There is an old quip that goes something like this "It's not that he doesn't know anything, it's that he knows so much that isn't so." This pretty accurately sums up what so often passes for common wisdom in the database world. Over the next few posts I want to address some phrases that if you've been around databases for more than a couple of years you have heard tossed around as if they were axioms, but which on serious reflection are nonsense.
Today I'm going to explore Unstructured Data. "Unstructured data" is an oxymoron. There is no such thing and never can be. Unstructured data is literally nonsense, it's a bunch of 1's and 0's in no particular order and it means nothing; it's white noise. If it's unstructured, it's not data, and if it's data it cannot possibly be unstructured.
The common examples of unstructured data are things like books, documents, videos etc. All those formats are HIGHLY structured and must remain so if they are to retain their ability to convey information. In fact, when people say "unstructured data," what they really ought to say is complex structured data. What they intend to convey is the idea that since the data contained in the book or video is so complex and organized internally, we don't need the database to manage that structure. This is true for nearly every data element even for the very simple data types.
Let's take an integer data type, it doesn't get much simpler than that. The DBMS has no way of "knowing" whether the data stored in an integer column is correct (should it be 123 or 321?). The data has to be assumed to be accurate and consistent within itself. The DBMS can only ensure that the data it stores is plausible, i.e. that it is in fact an integer and it also meets any constraint criteria that have been defined for it.
Sometimes when people talk about unstructured data they refer to the idea that they don't know what kind of data they are dealing with and thus can't define a schema in which it can be effectively held. We often hear of the benefits of "schemaless" databases in the brave new world of "big data" or NoSQL. It's true that some NoSQL database technologies (notably document store and key value databases) do not require one to define all the data in the documents stored in it. This is touted as being highly flexible and it is to some extent. However, if there has been no effort to define what the data is, good luck querying it back out.
The fact of the matter is that a schema gives context and meaning to data. A truly schemaless database does approach unstructuredness, but the closer you get to that the more difficult will be the task of making any sense of it. Unless the intent is simply to store data a schema is required. Whether that schema is an integral part of the DBMS in relational, hierarchical, and graph databases, or whether it is merely implied as in document, key value, and column family databases, it must still exist for the data to be useful.
One of the stated advantages of the implied schema technologies is the ability to change the implied schema at any time without affecting the data that has been previously stored. However, a moment's reflection should sound alarm bells. Yes, you can, but the real question is; should you? It's often stated that data is the lifeblood of business. Would it be awesome if we could change our blood type at a whim? What if someone else could do it for you without your knowledge? It may be kind of cool and there are certain circumstances in which it might be a lifesaver, but it could also be lethal if the rest of your body which depends on that blood isn't changed at the same time. Or if the blood were changed to oil. Precisely the same thing can happen to your database in these implied schemaless databases.

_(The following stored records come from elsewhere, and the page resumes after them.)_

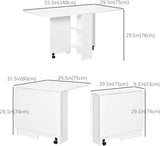 Drop Leaf Folding Dining Table with 2 Shelves - Furniture4Design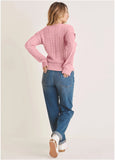 Cable Knit Cut Out Sweater Bleached Mauve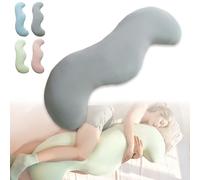 Générique Pea Pod Body Pillow for Adults, Cooling Body Pillo, Full Body Support Pillow for Side Sleepers, Soft and Supportive Pillows forSleeping & Lumbar Support (Gray,43.3 in (for 4'9"-5'5"))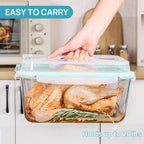 Vtopmart 220oz + 76.4oz Extra Large Glass Storage Containers Set, Meal Prep Food Container Sets with Snap Airtight Lids for Roasting Turkey, Rotisserie Chicken, Baking, Watermelon Storage, BPA Free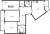 Планировка трехкомнатной квартиры площадью 90.03 кв. м в новостройке ЖК "Ariosto!"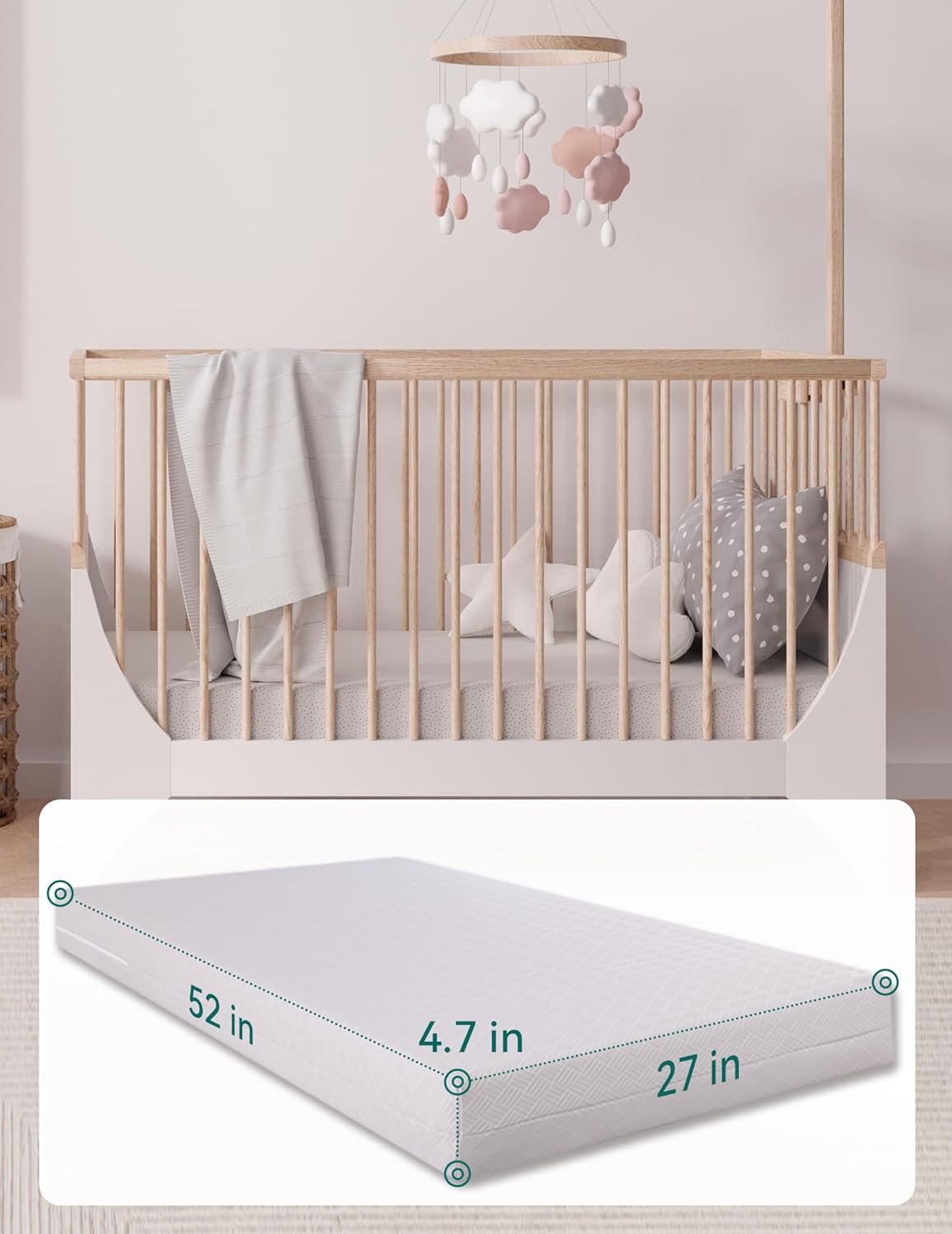 BABELIO Crib Mattress Memory Foam Toddler Mattress 2-Stage Standard Size Baby Mattress with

As professionals we have to be able and willing to think about things and be critically aware of the tradeoffs involved rather than blindly rushing toward the next big thing. We should not allow ourselves to unthinkingly parrot marketing slogans. There are genuine arguments to be made for using one technology or another, but "unstructured data" isn't one of them. It's a term that should not be used. It does convey some meaning due to common usage, but it also conveys much that just isn't so.